A 31-year-old man decided to begin swimming for exercise at his local fitness club. At the end of the first week he noticed that his ear was very red and itched terribly. His doctor diagnosed him with an ear infection and gave him antibiotics. The man noticed increasingly frequent episodes where he felt like the room was spinning. These episodes lasted for a few days then would lessen. He also noticed he struggled to hear accurately in the ear that had been afflicted with the infection. He had no loss of strength or range of motion (ROM) and his reflexes were normal; however, he struggled to keep his balance particularly when he had the sensation of spinning. On testing, he was unable to keep his balance with his eyes closed and he demonstrated nystagmus with head movements.

FIGURE 262-1

Coronal section of the temporal bone showing the hearing apparatus. (From Henderson MC, Tierney LM, Smetana GW. The Patient History: An Evidence-Based Approach to Differential Diagnosis. Copyright © The McGraw-Hill Companies, Inc.

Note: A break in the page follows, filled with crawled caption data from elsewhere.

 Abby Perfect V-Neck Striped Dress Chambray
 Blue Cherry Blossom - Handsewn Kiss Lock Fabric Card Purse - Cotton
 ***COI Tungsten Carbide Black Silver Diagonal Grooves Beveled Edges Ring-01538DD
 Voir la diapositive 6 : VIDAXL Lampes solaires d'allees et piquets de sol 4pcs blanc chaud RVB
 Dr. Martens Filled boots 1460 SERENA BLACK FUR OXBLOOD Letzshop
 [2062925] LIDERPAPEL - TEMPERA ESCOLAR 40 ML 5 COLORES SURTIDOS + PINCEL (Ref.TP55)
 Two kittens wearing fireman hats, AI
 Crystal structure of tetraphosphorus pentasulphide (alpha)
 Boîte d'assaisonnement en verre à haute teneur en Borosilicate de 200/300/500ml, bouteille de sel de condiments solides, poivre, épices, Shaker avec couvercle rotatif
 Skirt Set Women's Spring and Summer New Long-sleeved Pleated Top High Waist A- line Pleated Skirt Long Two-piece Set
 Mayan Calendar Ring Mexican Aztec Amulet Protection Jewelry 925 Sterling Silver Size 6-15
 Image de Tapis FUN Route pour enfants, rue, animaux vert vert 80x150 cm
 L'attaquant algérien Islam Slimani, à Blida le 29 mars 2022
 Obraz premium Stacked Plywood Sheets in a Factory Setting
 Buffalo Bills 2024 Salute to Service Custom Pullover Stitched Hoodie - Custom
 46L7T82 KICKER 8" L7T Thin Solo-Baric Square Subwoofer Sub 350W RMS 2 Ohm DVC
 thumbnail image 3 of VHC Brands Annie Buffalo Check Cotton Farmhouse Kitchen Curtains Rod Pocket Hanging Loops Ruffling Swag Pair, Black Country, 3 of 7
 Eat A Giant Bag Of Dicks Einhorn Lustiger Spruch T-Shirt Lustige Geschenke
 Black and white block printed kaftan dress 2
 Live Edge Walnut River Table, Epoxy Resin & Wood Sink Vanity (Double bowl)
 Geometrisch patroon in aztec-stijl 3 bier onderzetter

All rights reserved.)

FIGURE 262-2

Labyrinthitis ossificans. (A) Axial CT scan viewed in bone window demonstrates ossification and therefore poor visualization of the middle and apical turns of the cochlea (arrowhead) as well as narrowing and subtle sclerosis of the base turn of the cochlea (arrow). (B) Axial T2-weighted image in the same patient shows absence of expected fluid signal in the middle and apical turns of the cochlea (expected position indicated by arrowhead), consistent with ossification. The base turn is narrowed, but still has some fluid signal within it (arrow). The information about patency of fluid spaces that is obtained on MRI can be useful to determine if a patient is a candidate for cochlear implantation. (From Lalwani AK. Current Diagnosis & Treatment in Otolaryngology—Head and Neck Surgery. 3rd ed. Copyright © The McGraw-Hill Companies, Inc. All rights reserved.)



  • Disorder of the peripheral vestibular and auditory systems (inner ...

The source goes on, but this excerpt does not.